The detective cleared his throat. After a moment he said, “Why would he do that?” It wasn’t precisely a police question.
“God only knows.”
“Do you not consider it,” he searched for a word, “bizarre?”
“Bizarre,” Polanyi said. “Without a doubt.”
There were more questions, all according to form, back over the ground, and back again, but the remainder of the interview was desultory, with the truth in the air, but not articulated.
So then, take me to jail.
No, not for us to be involved in these kinds of politics. Tres Balkan, as we say.
And the hell with it.
The inspector closed his notebook, put his pen away, walked to the door, and adjusted the brim of his hat. Standing in the open doorway he said, “He was, of course, the secret police.”
“He was.”
“Bad?”
“Bad enough.”
“My condolences,” the inspector said.
Polanyi arranged for Morath to know about it right away. A telephone call from the legation. “The colonel Sombor has tragically chosen to end his life. Would you care to donate to the fund for floral arrangements?”
The end of April. Late in the evening on the rue Guisarde, the lissome Suzette winding down for the night. Plans to stage a King Neptune ball had inspired the passengers, getting a little grumpy after days of being lost at sea. Even more inspired was Jack the handsome sailor, who’d been kind enough to steady the ladder while Suzette climbed to the top to tack up decorations in the ballroom.
“No underpants?” Morath said.
“She forgot.”
A knock at the door produced Moni. Looking very sorrowful and asking if she could spend the night on the couch.
Mary Day brought out the Portuguese wine and Moni cried a little. “All my fault,” she said. “I stomped out, in the middle of an argument, and Marlene locked the door and wouldn’t let me back in.”
“Well, you’re welcome to stay,” Mary Day said.
“Just for the night. Tomorrow, all will be forgiven.” She drank some wine and lit a Gauloise. “Jealousy,” she said. “Why do I do these things?”
They sent Morath out for more wine and when he returned Moni was on the telephone. “She offered to go to a hotel,” Mary Day told him quietly. “But I asked her to stay.”
“I don’t mind. But maybe she’d prefer it.”
“Money, Nicholas,” Mary Day said. “None of us has any. Really, most people don’t.”
Moni hung up the telephone. “Well, it’s the couch for me.”
The conversation drifted here and there-poor Cara in Buenos Aires, Montrouchet’s difficulties at the Theatre des Catacombes, Juan-les-Pins-then settled on the war. “What will you do, Nicholas, if it happens?”
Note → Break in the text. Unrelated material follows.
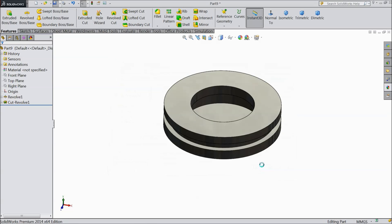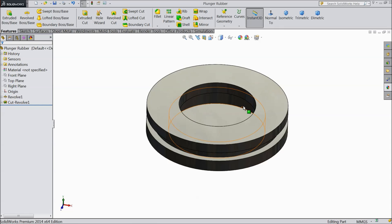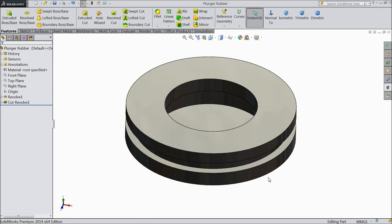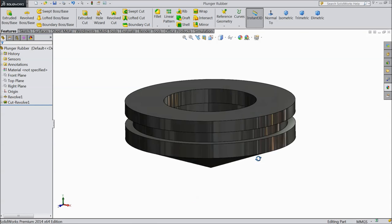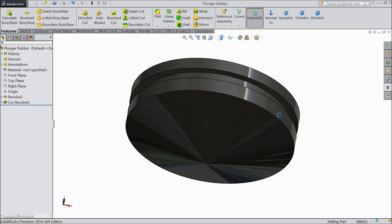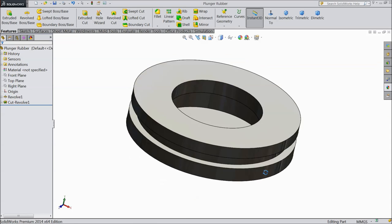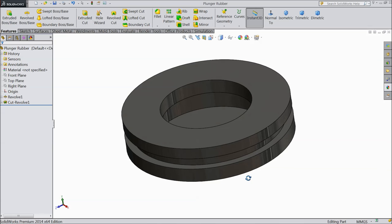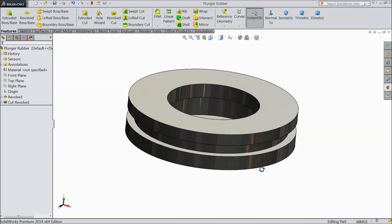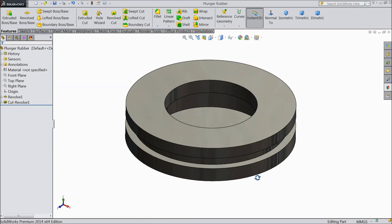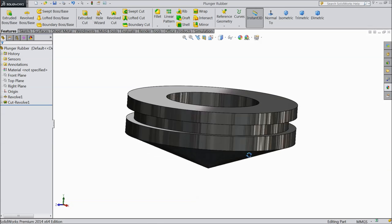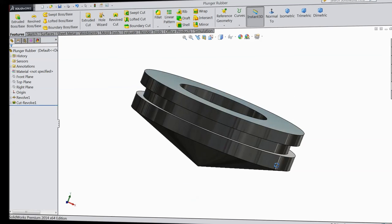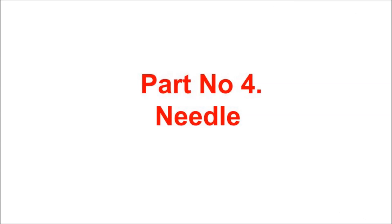Now see — the plunger rubber is ready. This is the plunger rubber for the syringe. Now save as plunger rubber. Now we will move to make the last part — needle and cap.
Morath shrugged. “I would have to go back to Hungary, I suppose. To the army.”
“What about Mary?”
“Camp follower,” Mary Day said. “He would fight, and I would cook, the stew.”
Moni smiled, but Mary Day met Morath’s eyes. “No, really,” Moni said. “Would you two run away?”
“I don’t know,” Morath said. “Paris would be bombed. Blown to pieces.”
“That’s what everybody says. We’re all going to Tangiers-that’s the plan. Otherwise, doom. Back to Montreal.”
Mary Day laughed. “Nicholas in a djellaba.”
They drank both bottles Morath had brought back and, long after midnight, Moni and Mary Day fell dead asleep lying across the bed and it was Morath who wound up on the couch. He lay there for a long time, in the smoky darkness, wondering what would happen to them. Could they run away somewhere? Where? Budapest, maybe, or New York. Lugano? No. Dead calm by a cold lake, a month and it was over. A Paris love affair, it won’t transplant. They couldn’t live anywhere else, not together they couldn’t. Stay in Paris, then. Another week, another month, whatever it turned out to be, and die in the war.